De rechtbank in Leeuwarden heeft een een verzoek van Omroep Friesland om de inhoudelijke behandeling van de rechtszaak tegen verdachte Jasper S. zo uitgebreid mogelijk te registreren en live uit te zenden afgewezen. Reden is dat de rechtbank de bespreking ter terechtzitting van ‘de schending van de lichamelijke integriteit’ van het slachtoffer niet wil verspreiden. 

De rechtbank wil uit respect voor het overleden slachtoffer ‘voorkomen wat Marianne met een aan zekerheid grenzende waarschijnlijkheid zelf niet gewild zou hebben.’ De zaak tegen Jasper S. dient aanstaande donderdag.

Volgens de voorzitter van de kamer die de zaak behandelt zullen in het onderzoek ter terechtzitting ‘ook de intieme plaatsen van haar lichaam’ onderwerp van bespreking moeten zijn.

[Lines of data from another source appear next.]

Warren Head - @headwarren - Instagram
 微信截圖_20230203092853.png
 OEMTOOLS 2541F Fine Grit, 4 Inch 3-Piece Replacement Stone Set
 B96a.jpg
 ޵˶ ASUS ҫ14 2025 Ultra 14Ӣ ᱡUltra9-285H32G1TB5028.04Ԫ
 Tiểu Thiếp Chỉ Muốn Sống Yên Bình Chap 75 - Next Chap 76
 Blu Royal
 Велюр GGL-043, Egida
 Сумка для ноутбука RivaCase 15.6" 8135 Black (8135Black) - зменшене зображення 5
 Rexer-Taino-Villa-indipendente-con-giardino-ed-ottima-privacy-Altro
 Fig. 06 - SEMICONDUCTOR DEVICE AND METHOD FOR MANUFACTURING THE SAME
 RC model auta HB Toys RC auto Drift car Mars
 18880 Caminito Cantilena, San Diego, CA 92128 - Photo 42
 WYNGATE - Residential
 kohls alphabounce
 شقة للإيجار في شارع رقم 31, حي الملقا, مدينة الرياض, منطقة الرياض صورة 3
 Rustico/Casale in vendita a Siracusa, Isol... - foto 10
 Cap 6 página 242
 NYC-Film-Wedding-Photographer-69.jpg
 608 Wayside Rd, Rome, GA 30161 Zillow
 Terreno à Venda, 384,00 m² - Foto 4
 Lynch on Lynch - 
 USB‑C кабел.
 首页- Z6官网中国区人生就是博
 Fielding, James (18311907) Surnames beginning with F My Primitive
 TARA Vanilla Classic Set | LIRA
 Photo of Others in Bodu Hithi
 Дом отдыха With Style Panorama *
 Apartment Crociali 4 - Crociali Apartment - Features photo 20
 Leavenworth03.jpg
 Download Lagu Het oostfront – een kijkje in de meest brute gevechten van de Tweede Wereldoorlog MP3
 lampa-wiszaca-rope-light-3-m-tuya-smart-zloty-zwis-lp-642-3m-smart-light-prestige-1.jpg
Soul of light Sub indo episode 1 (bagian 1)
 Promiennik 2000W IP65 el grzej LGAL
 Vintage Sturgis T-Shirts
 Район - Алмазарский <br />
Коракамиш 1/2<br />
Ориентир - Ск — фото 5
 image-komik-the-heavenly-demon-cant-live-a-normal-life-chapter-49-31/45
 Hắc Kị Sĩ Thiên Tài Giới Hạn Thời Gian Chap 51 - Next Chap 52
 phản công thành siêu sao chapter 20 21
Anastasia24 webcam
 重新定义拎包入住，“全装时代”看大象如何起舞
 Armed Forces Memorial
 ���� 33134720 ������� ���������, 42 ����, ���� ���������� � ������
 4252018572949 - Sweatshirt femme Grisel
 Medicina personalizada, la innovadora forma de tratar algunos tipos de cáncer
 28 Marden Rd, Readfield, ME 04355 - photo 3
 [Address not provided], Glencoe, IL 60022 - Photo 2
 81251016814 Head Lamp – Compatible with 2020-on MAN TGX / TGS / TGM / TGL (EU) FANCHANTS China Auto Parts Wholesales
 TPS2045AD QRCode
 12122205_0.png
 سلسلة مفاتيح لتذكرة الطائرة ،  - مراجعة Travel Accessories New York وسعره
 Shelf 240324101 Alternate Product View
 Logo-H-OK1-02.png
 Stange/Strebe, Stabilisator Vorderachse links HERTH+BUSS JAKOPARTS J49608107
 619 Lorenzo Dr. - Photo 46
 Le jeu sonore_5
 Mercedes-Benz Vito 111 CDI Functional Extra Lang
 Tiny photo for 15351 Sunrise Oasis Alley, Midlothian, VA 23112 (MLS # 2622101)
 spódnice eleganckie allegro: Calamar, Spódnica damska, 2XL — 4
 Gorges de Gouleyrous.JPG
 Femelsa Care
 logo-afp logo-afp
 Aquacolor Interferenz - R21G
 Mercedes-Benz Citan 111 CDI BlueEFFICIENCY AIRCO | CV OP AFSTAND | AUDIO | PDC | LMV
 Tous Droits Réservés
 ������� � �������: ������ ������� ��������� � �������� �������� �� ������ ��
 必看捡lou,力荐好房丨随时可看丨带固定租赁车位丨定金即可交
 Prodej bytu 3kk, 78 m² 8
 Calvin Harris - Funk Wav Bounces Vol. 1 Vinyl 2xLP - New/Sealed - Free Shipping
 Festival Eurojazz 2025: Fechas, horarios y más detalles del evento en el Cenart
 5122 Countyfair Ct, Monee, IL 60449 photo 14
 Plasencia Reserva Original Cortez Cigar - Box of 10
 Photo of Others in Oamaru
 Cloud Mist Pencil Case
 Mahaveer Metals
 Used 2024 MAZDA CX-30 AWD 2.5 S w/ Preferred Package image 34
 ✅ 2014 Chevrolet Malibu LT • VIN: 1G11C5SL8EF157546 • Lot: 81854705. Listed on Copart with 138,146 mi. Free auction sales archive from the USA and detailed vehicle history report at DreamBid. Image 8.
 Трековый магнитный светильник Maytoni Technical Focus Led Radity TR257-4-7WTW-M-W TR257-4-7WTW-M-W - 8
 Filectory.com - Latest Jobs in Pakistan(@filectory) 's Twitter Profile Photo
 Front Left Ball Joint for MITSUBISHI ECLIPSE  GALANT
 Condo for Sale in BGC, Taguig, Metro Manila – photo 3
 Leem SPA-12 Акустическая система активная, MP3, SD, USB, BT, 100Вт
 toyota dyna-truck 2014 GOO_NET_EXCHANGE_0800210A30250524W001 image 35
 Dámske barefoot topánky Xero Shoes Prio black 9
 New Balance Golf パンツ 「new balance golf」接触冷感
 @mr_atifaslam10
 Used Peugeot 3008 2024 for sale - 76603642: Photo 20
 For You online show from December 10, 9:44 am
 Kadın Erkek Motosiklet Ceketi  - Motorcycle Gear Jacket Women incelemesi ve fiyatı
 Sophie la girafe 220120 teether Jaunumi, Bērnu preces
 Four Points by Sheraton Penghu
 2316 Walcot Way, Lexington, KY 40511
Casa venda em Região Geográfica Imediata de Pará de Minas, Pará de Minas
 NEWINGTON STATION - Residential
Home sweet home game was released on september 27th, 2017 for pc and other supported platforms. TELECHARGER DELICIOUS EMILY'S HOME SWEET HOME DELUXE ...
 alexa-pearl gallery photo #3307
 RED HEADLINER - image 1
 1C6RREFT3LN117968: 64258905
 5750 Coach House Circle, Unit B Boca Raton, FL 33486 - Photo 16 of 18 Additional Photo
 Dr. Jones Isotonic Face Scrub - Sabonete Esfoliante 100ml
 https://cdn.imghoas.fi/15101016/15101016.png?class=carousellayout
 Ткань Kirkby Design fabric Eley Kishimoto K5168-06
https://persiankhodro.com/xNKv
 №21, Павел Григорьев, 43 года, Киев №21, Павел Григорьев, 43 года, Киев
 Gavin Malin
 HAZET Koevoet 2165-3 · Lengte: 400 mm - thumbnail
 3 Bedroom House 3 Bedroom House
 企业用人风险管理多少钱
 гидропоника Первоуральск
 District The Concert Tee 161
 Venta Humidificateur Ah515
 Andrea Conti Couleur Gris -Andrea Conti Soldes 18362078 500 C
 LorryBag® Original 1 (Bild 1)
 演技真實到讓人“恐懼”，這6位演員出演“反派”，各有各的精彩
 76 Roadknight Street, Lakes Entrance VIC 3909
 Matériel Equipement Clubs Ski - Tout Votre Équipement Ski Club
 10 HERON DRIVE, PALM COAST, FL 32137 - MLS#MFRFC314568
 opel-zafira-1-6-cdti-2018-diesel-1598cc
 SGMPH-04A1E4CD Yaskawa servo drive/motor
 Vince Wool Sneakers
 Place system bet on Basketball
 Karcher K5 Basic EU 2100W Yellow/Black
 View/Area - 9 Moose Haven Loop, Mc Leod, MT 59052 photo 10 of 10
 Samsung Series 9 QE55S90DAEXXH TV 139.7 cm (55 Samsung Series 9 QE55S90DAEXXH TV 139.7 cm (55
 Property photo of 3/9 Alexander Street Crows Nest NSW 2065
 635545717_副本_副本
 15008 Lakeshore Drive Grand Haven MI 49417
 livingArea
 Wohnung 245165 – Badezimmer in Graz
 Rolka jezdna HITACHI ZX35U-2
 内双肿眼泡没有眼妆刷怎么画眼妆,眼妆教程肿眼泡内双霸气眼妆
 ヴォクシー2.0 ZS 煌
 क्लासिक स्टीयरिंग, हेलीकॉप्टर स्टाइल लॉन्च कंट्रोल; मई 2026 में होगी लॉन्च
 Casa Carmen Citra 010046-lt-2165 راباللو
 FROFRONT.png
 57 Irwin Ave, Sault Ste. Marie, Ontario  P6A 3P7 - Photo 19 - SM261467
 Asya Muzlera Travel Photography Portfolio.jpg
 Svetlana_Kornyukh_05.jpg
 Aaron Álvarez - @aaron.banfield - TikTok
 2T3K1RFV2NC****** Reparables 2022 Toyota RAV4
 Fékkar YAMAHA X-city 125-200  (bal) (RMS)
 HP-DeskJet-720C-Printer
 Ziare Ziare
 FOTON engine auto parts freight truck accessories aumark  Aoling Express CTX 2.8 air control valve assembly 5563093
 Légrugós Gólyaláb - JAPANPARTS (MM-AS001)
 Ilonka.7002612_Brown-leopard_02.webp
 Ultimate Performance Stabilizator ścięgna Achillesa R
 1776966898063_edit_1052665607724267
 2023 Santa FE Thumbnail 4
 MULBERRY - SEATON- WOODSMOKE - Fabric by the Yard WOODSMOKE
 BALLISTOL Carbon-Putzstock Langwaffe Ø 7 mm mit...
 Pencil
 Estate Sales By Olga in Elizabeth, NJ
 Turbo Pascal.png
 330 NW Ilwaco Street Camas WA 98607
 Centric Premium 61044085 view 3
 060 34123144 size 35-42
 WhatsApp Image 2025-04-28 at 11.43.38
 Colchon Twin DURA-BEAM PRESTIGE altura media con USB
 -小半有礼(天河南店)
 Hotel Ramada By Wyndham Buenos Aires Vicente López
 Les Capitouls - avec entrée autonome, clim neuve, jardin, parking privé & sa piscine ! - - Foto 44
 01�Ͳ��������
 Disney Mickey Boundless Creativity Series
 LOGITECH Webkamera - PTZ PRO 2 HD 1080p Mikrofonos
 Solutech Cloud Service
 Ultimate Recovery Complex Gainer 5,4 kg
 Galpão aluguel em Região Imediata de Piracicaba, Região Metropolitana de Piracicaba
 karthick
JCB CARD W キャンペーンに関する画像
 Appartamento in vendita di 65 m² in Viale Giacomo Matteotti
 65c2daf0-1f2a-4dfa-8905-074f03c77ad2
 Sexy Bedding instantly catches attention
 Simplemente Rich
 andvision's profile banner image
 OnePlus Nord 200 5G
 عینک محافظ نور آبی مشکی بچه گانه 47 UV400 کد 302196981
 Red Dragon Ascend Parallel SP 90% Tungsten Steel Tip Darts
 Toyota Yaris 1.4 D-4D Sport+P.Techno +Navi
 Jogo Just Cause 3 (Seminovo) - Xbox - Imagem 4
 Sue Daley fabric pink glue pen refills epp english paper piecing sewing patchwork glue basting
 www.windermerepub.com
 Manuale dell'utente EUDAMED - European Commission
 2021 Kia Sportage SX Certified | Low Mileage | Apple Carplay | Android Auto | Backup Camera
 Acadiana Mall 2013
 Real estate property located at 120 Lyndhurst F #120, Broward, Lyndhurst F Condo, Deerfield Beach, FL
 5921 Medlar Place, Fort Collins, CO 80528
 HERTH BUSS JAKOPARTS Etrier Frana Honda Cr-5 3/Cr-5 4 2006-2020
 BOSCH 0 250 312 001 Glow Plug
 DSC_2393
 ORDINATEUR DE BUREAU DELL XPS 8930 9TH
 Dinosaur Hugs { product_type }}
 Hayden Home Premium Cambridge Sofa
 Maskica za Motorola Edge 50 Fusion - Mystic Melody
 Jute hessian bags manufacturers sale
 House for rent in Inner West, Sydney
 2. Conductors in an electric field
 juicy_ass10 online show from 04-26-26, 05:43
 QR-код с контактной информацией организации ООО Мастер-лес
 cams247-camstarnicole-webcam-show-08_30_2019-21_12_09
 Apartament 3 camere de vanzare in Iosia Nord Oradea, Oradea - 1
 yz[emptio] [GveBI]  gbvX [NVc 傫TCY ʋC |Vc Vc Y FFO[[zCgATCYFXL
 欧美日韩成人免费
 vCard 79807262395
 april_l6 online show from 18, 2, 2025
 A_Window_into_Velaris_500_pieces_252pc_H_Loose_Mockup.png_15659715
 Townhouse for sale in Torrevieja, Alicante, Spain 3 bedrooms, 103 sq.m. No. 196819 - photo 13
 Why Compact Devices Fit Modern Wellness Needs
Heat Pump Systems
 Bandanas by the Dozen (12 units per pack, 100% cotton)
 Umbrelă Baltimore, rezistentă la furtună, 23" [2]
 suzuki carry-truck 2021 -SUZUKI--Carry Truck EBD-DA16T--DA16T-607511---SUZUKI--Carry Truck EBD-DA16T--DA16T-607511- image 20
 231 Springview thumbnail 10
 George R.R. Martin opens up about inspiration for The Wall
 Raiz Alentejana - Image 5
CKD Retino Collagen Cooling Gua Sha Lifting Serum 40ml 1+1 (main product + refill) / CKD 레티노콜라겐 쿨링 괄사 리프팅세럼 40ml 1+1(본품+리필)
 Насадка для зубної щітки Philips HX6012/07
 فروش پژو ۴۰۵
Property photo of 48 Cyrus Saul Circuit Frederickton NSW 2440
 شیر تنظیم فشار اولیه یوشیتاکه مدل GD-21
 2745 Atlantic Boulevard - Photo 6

De rechtbank: ‘Marianne was ten tijde van het delict een meisje van 16 jaar. Er mag van worden uitgegaan dat meisjes van die leeftijd zich ten diepste generen wanneer zij feiten betreffende de voorgenoemde schending van hun lichamelijke integriteit, via audiovisuele middelen zouden moeten delen met een groot publiek. Er is geen aanleiding te veronderstellen dat dit voor Marianne anders zou zijn geweest.’

Indringende berichtgeving

De rechtbank noemt de berichtgeving van audiovisuele media ‘vele malen indringender dan berichtgeving door de schrijvende pers’ en ziet ook ‘een risico’ dat de beelden zullen worden verspreid via het internet.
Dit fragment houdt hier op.